Green Ocean Energy
Scotland-based Green Ocean Energy is in the process of becoming the first marine energy company to have its technology fully certified. In May 2010 the company embarked on the process of obtaining its statement of feasibility for the Wave Treader machine from Det Norse Veritas (DNV), an independent foundation of experts that identify and manage risks for energy and marine industries. The design certification is the first stage of the four-part certification process.
The Wave Treader machine was also separately reviewed by SgurrEnergy, an energy consultancy firm that has confirmed its commercial potential. After the success of the first stage, Green Ocean Energy is now planning certification of the design and construction stages of the Wave Treader prototype.
Construction of the full-scale Wave Treader prototype is scheduled to be completed in the third quarter of 2011 and it will be trialled at a test centre in the UK.

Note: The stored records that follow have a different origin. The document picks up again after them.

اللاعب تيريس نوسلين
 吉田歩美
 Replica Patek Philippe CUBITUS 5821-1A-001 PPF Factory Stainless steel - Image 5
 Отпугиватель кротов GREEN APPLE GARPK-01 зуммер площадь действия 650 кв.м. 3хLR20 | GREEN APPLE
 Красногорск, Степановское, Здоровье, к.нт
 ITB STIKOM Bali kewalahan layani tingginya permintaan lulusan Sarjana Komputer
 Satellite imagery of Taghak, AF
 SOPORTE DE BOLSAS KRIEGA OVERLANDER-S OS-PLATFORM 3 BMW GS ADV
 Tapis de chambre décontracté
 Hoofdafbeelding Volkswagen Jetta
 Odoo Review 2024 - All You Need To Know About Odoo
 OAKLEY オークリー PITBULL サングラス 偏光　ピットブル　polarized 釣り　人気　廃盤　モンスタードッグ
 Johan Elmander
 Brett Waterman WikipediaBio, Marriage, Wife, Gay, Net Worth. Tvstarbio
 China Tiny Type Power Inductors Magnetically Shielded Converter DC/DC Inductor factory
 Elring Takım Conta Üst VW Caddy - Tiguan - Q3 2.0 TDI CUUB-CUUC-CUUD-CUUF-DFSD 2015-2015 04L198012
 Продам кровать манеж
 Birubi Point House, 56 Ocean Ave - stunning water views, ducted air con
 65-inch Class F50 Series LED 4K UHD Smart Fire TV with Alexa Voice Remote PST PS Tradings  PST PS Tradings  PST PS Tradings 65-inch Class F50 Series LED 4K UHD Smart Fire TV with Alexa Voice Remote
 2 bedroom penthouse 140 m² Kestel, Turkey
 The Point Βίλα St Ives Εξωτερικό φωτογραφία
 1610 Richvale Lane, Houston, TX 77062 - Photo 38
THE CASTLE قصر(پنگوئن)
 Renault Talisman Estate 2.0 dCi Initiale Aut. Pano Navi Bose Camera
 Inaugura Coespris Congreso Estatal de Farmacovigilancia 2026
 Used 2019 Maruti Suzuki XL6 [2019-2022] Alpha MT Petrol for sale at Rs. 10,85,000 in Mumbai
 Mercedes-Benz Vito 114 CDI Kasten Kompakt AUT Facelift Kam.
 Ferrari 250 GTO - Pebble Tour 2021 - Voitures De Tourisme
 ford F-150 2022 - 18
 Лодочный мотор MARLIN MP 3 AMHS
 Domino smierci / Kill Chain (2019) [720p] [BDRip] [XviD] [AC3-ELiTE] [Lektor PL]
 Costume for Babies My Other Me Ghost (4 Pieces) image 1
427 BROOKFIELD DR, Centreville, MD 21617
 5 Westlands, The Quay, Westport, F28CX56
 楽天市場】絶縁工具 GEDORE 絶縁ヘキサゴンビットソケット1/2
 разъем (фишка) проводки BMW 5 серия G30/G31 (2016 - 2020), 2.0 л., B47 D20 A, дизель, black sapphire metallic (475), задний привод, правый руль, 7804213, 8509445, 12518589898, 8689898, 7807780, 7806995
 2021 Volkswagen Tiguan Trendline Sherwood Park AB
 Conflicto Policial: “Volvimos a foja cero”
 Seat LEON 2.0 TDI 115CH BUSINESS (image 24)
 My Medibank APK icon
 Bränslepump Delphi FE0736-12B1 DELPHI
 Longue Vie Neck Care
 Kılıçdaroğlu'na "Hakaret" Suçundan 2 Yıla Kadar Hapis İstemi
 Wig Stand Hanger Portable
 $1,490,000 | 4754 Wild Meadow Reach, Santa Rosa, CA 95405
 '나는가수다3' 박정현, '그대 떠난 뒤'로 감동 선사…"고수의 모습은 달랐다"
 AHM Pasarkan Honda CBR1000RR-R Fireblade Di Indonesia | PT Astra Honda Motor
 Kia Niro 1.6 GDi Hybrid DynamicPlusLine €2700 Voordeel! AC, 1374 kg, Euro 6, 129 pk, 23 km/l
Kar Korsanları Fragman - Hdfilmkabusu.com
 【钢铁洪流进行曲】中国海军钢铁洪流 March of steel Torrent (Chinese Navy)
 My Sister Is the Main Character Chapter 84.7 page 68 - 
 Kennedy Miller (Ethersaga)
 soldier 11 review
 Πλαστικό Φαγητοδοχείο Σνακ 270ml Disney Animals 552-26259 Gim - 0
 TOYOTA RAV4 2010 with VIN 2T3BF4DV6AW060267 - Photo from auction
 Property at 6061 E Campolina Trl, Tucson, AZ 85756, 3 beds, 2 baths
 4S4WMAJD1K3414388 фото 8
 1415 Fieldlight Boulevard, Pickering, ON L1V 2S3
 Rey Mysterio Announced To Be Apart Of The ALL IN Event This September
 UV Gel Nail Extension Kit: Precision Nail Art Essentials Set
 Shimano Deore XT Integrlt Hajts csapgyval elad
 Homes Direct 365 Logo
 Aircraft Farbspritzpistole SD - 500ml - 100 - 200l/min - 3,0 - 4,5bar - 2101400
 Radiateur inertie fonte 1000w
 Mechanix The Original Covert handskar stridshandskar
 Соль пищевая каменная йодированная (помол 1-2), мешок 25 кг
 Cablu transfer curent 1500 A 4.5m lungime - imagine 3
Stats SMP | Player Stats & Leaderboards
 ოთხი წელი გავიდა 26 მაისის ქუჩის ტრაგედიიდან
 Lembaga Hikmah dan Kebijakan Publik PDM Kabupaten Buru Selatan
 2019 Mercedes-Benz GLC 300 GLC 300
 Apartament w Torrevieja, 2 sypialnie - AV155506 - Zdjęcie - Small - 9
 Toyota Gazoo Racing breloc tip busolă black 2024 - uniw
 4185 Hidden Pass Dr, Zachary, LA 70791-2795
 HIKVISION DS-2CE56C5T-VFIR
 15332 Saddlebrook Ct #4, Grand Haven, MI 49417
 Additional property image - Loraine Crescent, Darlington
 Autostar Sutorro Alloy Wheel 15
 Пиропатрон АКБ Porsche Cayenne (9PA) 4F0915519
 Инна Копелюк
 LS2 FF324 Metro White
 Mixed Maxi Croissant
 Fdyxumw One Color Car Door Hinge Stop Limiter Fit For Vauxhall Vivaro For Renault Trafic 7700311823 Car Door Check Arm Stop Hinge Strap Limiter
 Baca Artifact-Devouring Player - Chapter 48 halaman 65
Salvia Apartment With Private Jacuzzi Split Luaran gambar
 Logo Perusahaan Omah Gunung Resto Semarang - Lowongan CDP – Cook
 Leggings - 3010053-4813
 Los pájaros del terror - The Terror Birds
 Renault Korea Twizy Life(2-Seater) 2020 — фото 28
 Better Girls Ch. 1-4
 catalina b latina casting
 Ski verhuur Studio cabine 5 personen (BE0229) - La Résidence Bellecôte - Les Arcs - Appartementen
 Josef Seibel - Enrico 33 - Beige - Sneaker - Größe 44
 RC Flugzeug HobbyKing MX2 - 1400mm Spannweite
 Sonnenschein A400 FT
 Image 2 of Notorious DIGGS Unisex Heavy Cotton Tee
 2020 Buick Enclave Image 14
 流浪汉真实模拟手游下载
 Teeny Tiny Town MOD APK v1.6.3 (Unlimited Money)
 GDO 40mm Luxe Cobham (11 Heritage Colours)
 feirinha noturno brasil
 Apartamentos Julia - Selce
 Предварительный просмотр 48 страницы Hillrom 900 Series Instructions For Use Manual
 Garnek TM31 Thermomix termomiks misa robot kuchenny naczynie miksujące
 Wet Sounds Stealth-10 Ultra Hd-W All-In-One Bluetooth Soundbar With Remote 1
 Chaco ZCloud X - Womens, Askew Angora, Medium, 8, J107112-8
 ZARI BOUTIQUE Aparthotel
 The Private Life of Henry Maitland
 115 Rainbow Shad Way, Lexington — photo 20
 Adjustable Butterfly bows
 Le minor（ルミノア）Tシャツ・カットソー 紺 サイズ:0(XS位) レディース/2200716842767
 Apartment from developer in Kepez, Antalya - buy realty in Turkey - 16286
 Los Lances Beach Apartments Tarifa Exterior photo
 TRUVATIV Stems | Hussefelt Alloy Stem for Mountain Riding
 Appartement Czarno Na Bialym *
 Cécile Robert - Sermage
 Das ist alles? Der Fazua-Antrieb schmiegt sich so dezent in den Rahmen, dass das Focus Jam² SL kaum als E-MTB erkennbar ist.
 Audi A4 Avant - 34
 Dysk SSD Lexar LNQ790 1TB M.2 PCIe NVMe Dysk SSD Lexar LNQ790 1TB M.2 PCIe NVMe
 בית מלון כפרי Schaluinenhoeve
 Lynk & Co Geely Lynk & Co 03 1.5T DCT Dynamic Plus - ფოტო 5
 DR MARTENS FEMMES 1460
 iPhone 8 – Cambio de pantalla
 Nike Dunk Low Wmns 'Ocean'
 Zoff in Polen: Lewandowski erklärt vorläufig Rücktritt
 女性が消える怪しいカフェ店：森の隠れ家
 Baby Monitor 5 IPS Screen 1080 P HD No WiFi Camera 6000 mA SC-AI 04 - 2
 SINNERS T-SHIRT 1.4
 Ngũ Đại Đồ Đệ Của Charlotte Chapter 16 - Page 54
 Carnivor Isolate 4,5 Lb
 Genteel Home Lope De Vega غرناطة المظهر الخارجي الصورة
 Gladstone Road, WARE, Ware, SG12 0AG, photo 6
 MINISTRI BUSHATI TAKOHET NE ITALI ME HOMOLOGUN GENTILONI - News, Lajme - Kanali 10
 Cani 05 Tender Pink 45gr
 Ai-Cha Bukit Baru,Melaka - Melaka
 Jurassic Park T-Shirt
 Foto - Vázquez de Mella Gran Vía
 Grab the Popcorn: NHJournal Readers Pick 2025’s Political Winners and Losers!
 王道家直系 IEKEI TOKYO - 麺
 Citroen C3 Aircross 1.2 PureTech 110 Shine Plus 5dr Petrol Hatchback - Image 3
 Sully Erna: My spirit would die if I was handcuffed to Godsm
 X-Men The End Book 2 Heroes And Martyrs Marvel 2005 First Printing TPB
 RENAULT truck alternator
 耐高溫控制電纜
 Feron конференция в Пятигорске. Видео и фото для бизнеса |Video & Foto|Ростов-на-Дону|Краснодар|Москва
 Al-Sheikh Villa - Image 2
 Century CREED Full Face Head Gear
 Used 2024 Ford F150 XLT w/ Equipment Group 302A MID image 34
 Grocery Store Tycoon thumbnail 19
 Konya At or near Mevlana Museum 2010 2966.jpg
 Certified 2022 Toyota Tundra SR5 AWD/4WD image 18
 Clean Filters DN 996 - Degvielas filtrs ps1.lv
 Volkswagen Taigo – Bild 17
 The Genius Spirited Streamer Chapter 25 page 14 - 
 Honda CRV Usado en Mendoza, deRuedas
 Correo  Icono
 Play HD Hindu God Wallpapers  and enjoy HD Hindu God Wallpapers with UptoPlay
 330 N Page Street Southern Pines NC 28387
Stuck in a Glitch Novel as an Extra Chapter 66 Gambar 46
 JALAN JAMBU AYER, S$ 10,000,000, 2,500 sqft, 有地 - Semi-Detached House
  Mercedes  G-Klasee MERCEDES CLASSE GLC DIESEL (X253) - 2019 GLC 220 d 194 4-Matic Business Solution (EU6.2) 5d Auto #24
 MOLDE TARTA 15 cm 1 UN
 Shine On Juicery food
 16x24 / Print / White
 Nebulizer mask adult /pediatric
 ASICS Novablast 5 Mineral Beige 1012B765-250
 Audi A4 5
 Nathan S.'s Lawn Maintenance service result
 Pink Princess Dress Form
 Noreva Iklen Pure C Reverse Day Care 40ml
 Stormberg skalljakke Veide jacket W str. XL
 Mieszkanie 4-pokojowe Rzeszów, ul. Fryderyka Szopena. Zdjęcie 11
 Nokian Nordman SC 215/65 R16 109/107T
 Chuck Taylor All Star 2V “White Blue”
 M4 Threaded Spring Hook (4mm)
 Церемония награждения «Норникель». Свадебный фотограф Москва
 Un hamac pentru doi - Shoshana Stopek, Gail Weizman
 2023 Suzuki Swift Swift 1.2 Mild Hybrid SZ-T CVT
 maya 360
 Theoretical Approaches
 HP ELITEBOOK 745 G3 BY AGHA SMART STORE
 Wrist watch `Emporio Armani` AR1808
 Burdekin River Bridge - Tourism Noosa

Wave Treader is primarily aimed at the UK round three offshore wind farms and Scottish territorial waters. Around 7,500-8,300 offshore wind turbines are expected to be installed in the UK between 2015 and 2023.
The Wave Treader is a unique wave energy device that shares the offshore wind farm infrastructure and helps increase yield from the same sea area. It is attached to the transition piece of an offshore wind turbine, and provides an easy access to the turbine for the technicians to carry out repairs when needed, in addition to power smoothing in the offshore wind farm.
Wave Trader is 50m long and has a 20m beam. It comprises steel load-bearing members, with the floating bodies moulded of glass-reinforced plastic (GRP). The hydraulic and electrical equipment are standard to industry specifications and are “off-the-shelf” items.
The modular design of the machine will make it easier to change components, and the design will be kept simple to increase reliability and reduce manufacturing costs. It has a US patent approval, with patents pending in other areas.
The machine is designed to minimise single point failure modes by duplicating the equipment; if one item fails the other can be put to use without any interruption in power production.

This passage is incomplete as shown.